Sometimes there is nothing you can do to protect one of nature's gentlest creatures from the cruelties of Mother Nature.
At one time, the main danger to sea cows bobbing in Florida's waters was inattentive speed boaters who plowed through manatee-rich areas, bows crunching shoulders, propellers gouging backs.
That could be dealt with, if not eliminated. Strict laws were enacted, manatee sanctuaries have been established and educational programs are available to teach boaters about when and where manatees gather along Florida's coastline. Fatal vessel encounters dipped.
Over the past few years, though, boating-related deaths of Florida's officially adopted marine mammal have been eclipsed by the cold.
The number of manatees dying of cold is a troubling trend for state wildlife officials, who say that for the third year in a row, frigid waters have has claimed a higher-than-usual number of manatees.
"Basically, we've had a run of very cold winters," said Carol Knox, a biologist with the Florida Fish and Wildlife Conservation Commission. "It's one of those cyclic things that just occur, just one of those things that happens."
Of the 453 manatee deaths recorded in 2011, 112 were attributed to the cold, according to figures recently released by the commission. The year before was even worse; 282 of 766 deaths were cold-related.
That was the year when much of the state shivered under 11 straight days of subfreezing temperatures. The cold snap took its toll on flora and fauna and even resulted in fish kills around the Tampa Bay area.
There's not much that humans can do to keep manatees warm, Knox said, except to make sure the access routes to warm spring-fed rivers and estuaries are clear of obstruction and that the flow of spring water remains stable.
Sometimes, Knox said, survival is left to the vagaries of nature.
Typically, the state gets its first taste of cold winter weather in November and December, and manatees take note.
"They key off air temperatures and water temperatures," Knox said. "When the first cold front comes through, one that is significant enough to get the temperatures down, that gets them on the move.

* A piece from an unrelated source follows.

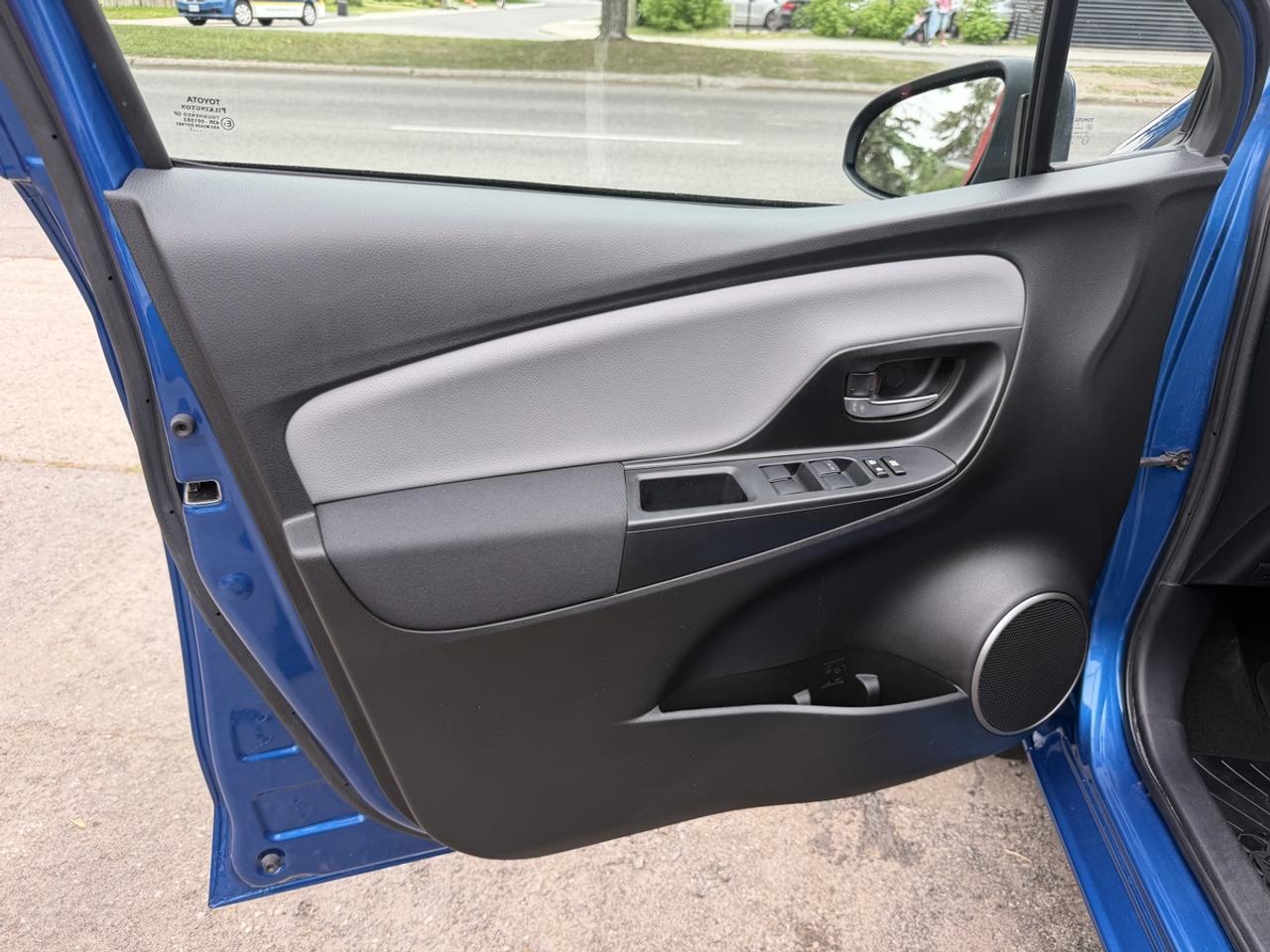 2016 Toyota Yaris  Photo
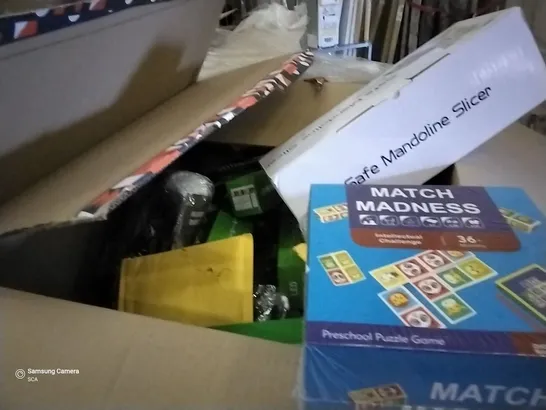 PALLET OF ASSORTED ITEMS TO INCLUDE A SAFE MANDOLINE SLICER,  LED METEOR LIGHT AND A MATCH MADNESS GAME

They are moving toward warmer water."
If there are no early cold snaps, manatees may still be in open water and unprotected when sudden freezing temperatures hit, she said.
"It all depends on how the cold weather stacks up and how it emerges each winter," she said. "If manatees are already in their warm-water sites, they are fine. Groups that are in warm-water sites sustain very few cold-stressed deaths."
The population of Florida's manatees has blossomed over the past 30 years. At the end of January 2011, officials counted nearly 5,000 manatees in the waters around the state.
"We're hopeful that we have enough animals out there to make the population more resilient to these threats," Knox said.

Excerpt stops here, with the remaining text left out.